Helen Clare Belcher  (born 30 October 1963) is a British transgender activist and Liberal Democrat politician. She has been featured in The Independent on Sunday’s Rainbow List for her work on LGBT issues, particularly those affecting the trans community. In 2010 she co-founded Trans Media Watch, a trans-awareness charity for which she appeared on Newsnight. Belcher stood unsuccessfully for Parliament in Chippenham at the 2017 and 2019 general elections.

Early life 
Belcher was born in Reading, where she attended a local grammar school before graduating from the University of Leeds in 1984. She worked initially as a maths teacher in Boston Spa but later moved into computer software, establishing her own software company in 2004.  She is a trans woman who transitioned in 2004.

Political career and activism 
In 2012, Belcher gave evidence to the Leveson Inquiry, an investigation into the culture, practices and ethics of the press. She gave evidence again in 2015 for the Women and Equalities Select Committee's inquiry into trans equality, and in 2017 for the Joint Parliamentary Committee of Human Rights' inquiry into free speech.

The Times withdrew from the 2018 Comments Awards when Belcher, a judge on the panel, asked for her name to be removed following the nomination of Janice Turner.
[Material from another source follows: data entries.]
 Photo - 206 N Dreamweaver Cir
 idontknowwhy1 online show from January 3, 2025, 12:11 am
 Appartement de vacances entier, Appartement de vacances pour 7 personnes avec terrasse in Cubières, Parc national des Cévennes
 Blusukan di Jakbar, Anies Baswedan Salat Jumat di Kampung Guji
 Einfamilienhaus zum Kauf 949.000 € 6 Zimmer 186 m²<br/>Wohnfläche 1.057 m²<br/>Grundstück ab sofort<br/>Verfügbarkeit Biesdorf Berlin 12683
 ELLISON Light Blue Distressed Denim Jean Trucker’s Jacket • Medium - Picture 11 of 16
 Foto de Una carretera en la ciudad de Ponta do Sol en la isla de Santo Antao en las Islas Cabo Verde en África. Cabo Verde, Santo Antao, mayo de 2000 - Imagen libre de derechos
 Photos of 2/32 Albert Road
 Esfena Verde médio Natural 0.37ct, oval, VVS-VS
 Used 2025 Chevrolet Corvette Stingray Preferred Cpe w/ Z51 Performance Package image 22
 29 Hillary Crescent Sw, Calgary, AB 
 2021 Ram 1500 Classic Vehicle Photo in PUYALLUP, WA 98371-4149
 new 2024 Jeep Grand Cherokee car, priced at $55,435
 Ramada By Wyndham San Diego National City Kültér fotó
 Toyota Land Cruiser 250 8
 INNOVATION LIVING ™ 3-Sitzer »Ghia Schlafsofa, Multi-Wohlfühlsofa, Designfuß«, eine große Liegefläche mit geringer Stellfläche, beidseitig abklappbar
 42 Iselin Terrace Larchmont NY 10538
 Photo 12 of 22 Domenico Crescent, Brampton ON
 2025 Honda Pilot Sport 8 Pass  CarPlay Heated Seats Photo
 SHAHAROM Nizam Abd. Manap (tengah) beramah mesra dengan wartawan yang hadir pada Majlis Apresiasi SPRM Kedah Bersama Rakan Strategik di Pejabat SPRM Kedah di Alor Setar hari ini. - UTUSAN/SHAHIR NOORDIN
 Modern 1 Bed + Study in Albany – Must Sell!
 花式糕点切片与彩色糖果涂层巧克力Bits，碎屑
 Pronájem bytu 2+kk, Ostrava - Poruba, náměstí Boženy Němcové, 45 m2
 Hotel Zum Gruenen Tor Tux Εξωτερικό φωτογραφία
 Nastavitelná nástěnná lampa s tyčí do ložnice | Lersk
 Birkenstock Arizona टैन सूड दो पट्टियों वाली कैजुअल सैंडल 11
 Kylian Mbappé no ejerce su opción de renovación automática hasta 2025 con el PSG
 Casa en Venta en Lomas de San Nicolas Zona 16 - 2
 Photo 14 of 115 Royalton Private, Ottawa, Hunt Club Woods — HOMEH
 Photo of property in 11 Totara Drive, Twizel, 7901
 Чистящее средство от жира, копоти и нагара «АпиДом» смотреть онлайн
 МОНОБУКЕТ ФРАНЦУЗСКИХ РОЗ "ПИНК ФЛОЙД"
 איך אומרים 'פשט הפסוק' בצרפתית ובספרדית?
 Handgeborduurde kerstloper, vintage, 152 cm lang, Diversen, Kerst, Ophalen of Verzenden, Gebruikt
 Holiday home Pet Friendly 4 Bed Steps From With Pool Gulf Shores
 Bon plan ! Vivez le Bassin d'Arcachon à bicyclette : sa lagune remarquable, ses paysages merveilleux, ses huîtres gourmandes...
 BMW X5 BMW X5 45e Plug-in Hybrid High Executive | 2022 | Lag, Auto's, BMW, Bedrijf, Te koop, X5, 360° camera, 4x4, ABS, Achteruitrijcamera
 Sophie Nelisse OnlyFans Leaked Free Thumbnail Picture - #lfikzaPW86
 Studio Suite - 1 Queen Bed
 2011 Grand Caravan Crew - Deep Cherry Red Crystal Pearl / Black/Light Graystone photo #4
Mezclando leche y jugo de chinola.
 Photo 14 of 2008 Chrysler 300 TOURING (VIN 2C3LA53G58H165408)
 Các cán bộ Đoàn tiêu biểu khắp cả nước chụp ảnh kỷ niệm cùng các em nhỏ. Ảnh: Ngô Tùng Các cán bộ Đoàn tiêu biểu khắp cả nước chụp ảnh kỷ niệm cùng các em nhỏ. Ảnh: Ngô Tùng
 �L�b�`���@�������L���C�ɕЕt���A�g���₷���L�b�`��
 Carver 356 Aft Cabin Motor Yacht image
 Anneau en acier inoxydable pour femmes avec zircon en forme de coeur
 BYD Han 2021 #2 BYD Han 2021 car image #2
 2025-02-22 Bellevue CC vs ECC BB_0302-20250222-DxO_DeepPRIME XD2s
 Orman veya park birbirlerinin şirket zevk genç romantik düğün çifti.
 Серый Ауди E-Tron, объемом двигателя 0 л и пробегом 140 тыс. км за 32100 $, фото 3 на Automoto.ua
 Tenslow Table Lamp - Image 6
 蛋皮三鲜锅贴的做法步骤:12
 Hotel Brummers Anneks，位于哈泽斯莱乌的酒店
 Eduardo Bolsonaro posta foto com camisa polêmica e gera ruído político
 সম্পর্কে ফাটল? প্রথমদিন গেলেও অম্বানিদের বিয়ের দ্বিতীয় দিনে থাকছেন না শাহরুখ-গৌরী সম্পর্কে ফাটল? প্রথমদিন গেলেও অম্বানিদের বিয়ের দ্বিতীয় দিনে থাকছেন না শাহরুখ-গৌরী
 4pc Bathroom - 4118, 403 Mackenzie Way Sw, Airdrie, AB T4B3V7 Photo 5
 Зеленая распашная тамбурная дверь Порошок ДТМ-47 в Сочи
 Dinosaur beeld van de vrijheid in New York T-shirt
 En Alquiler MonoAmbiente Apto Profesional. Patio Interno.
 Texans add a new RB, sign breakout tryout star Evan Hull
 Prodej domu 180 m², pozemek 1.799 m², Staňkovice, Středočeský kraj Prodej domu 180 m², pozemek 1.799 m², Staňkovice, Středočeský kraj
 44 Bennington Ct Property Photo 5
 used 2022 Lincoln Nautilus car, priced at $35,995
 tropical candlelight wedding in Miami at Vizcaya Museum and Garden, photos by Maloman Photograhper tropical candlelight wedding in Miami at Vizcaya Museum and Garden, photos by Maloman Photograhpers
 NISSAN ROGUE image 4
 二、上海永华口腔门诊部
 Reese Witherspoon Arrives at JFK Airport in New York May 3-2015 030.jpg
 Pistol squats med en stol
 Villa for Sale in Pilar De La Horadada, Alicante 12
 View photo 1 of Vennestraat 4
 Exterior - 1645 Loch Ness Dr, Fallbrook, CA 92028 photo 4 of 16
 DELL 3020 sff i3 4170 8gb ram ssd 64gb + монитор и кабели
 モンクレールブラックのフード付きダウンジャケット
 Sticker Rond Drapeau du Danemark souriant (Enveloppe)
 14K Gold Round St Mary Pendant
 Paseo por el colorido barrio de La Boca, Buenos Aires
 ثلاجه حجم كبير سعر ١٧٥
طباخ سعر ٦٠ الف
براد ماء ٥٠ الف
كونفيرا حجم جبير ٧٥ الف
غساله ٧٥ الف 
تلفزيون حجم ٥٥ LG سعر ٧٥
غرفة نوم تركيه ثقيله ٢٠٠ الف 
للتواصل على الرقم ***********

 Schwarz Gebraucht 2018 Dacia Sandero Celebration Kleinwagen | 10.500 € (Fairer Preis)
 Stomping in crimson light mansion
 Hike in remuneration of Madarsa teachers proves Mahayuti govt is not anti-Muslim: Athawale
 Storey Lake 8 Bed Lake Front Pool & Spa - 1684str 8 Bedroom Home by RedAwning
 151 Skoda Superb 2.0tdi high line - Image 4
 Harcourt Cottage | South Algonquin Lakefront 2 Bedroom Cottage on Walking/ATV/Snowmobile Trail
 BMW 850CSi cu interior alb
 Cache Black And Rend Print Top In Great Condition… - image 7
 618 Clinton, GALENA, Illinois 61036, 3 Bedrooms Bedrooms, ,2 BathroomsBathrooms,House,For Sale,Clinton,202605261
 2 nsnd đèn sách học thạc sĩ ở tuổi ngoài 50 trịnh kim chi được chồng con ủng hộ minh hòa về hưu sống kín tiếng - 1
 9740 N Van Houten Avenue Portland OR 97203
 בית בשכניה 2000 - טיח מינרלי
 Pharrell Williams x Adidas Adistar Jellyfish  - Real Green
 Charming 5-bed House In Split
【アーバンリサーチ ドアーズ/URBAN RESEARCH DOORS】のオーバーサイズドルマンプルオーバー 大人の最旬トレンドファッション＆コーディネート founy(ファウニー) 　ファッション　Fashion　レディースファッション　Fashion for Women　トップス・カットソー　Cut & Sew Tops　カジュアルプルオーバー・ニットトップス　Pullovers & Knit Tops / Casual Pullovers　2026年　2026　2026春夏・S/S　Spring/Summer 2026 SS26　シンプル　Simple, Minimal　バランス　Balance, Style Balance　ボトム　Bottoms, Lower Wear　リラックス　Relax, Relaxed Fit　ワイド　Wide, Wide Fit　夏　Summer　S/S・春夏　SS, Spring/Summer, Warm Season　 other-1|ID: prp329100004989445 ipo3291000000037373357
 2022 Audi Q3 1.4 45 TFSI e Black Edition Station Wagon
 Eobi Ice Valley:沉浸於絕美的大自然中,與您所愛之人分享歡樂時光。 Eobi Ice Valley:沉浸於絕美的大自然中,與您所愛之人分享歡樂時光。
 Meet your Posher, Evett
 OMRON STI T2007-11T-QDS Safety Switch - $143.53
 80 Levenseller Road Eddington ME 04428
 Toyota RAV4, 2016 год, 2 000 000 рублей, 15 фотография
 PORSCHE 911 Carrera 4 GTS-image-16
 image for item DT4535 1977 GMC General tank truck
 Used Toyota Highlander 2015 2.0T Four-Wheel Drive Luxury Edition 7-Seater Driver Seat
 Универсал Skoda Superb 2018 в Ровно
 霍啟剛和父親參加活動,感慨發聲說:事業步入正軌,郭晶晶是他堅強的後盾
It was claimed that Turner had contributed to a number of articles in the press that resisted the Government's proposed reform to the Gender Recognition Act, with Belcher suggesting that trans suicides had increased as a result.

Belcher ran as a Liberal Democrat in the election for Wokingham Borough Council in 2016 but lost by 122 votes to the Conservative candidate. Later that year, she was selected to replace Duncan Hames in his former Parliamentary seat of Chippenham, where she was unsuccessful in the 2017 general election against the incumbent Conservative, Michelle Donelan. She was re-selected as Chippenham's Liberal Democrat candidate for the 2019 general election, and she lost again.

Belcher successfully contested the Corsham Pickwick division in the 2021 Wiltshire Council election, winning with 51% of the vote and an 11.94% majority over the second-placing Conservative Party candidate.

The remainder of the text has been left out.